Indian politician (1926–1998)

Chaudhary Ishwar Singh (5 November 1926 – 1998) was a leader of the Congress Party and served as the speaker of Haryana Vidhan Sabha from 1991 to 1996. He was elected as MLA for four times by the electorates of Pundri constituency of Haryana. He is well known for his contribution to uplift the poor and oppressed people in the society and for uplifting girls to get higher education by building 3 degree colleges in the constituency of Pundri.

==Background==
Chaudhary Ishwar Singh was born on 5 November 1926 in the house of a poor farmer of village Staundi of Karnal District, Haryana. He received early education in his native village and then moved to Panipat from where he came out in his matriculation examination with flying colors. Then he moved to Rohtak and obtained his degree in Bachelors of Arts. to obtain his license of teaching degree he moved to Meerut. During his stay at these centers of learning certain incidents occurred which in a way determined the future course of Chaudhary Ishwar Singh's life. His teachers were very much impressed by his learning habits and took keen interest in grooming him into a great scholar. This quest of his knowledge took him to different places which left indelible imprint on his adolescent and young formative mind. During his student days he went through the teachings and message of Swami Vivekananda which provided Chaudhary Ishwar Singh with a purpose for social action, although he could not have stimulus of a personal contact with the Swami. He decided to mitigate the social evils illiteracy, poverty and hunger which affected the rural people. After he obtained hi L.T Degree, instead of competing for any lucrative government jobs he chose to join the teaching profession which suited his temperament and qualifications as he considered it a noble profession to serve the community.
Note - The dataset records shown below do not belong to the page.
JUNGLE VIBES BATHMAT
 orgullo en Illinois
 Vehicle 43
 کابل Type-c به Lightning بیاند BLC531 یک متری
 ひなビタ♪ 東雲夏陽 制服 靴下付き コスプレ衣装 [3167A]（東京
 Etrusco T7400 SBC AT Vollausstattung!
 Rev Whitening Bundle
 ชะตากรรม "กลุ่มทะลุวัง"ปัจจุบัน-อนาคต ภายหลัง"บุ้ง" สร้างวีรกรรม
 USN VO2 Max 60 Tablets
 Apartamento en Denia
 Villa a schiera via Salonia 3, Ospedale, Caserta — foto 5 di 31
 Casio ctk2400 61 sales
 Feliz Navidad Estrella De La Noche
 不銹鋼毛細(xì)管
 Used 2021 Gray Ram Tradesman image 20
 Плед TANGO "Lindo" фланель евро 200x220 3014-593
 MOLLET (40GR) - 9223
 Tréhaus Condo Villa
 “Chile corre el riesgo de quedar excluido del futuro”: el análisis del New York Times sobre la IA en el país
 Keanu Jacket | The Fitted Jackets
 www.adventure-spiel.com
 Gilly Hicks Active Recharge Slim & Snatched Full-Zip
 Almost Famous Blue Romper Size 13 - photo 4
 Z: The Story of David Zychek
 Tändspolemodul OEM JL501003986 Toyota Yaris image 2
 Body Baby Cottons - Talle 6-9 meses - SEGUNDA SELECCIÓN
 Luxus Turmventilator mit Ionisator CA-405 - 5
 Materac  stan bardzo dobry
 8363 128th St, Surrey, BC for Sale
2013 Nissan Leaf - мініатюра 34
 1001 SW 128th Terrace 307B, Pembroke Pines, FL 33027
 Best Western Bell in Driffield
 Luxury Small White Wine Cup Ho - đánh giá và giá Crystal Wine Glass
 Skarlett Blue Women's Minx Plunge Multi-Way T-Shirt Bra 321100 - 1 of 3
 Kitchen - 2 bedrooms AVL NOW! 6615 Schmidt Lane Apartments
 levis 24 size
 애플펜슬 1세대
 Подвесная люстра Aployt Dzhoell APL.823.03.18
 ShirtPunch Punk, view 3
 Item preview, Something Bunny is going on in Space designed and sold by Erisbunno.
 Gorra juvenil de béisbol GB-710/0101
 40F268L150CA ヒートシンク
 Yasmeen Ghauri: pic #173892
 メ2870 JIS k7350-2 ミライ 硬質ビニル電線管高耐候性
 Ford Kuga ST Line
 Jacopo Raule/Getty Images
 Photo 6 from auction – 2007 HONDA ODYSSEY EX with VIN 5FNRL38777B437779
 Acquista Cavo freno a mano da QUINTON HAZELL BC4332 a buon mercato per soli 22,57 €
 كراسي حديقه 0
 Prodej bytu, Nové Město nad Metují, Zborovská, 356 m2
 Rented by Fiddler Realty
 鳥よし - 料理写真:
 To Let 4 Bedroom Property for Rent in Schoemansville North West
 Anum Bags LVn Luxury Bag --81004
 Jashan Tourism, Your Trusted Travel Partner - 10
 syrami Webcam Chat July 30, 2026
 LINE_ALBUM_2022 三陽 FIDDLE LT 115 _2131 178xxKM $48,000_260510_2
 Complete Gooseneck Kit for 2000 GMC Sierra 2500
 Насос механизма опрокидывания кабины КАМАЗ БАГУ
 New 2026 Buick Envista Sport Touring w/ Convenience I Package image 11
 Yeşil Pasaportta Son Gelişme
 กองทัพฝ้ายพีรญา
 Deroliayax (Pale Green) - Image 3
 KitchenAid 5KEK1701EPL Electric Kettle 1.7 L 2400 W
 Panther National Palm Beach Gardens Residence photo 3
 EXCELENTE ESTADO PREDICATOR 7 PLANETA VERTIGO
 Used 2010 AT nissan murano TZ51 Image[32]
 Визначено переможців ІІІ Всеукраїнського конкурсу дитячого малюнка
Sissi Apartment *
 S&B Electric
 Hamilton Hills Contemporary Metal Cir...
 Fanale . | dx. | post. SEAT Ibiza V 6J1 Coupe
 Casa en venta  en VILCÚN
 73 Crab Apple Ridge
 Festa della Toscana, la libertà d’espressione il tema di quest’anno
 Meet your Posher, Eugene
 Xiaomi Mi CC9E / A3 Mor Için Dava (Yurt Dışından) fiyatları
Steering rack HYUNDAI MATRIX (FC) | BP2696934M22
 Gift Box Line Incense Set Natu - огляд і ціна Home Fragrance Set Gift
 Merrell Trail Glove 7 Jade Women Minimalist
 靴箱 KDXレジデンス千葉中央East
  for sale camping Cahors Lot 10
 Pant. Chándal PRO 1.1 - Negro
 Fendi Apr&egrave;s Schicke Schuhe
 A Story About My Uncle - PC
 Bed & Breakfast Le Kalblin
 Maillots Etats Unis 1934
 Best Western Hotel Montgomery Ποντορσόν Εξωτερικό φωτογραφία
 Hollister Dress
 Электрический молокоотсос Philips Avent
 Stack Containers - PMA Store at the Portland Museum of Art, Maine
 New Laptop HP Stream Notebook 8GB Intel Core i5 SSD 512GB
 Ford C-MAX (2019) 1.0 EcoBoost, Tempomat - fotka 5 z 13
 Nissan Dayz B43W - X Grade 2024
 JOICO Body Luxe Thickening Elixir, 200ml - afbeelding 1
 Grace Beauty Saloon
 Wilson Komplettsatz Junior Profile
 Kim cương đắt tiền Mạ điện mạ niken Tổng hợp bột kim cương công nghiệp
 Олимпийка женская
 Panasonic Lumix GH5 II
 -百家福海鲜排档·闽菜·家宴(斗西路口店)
In his very first attempt he was selected by the interview board and the education department issued him appointment letter for the post of social studies teacher and posted him at Government High School, Samalkha (Karnal). Though his academic quest came to an end with his joining first as a teacher and then in active politics yet his quest for learning remained a lifelong passion for him.

==Political career==
Chaudhary Ishwar Singh was elected to the Haryana Assembly as an independent candidate for the first time in 1968 and then again in 1972, 1982 and 1991 on Congress party ticket. He was a man of vision and was very instrumental in setting up many educational institutions. He served as the Speaker of the Haryana Vidhan Sabha from 1991 to 1996 under the last Bhajan Lal government of Haryana.

==Social contribution==
He wielded tremendous influence due to his closeness to Bhajan Lal, the stalwart Bishnoi leader and Chief Minister of Haryana on several occasions. Apart from that, Ishwar Singh Ji did a lot of social work. He ensured the opening of many educational institutions in his constituency of Pundri. He also had a power station built close to the village of Kaul. He stressed on women education. He always said that "if a male is educated a family will be educated but if a female will educated the whole society will be educated". In this context he established three women colleges named as Ch. Ishwar Singh Kanya Mahavidyalaya, Fatehpur-Pundri (Kaithal) www.ciskmv.org in 1984, and Ch. Ishwar Singh Kanya Mahavidyalaya, Dhand-Dadwana (Kaithal), Ch. Ishwar Singh Mahila Shikshan Mahavidyalaya, Fatehpur-Pundri (Kaithal) in 1994. These colleges imparting higher education to the girls of about sixty villages.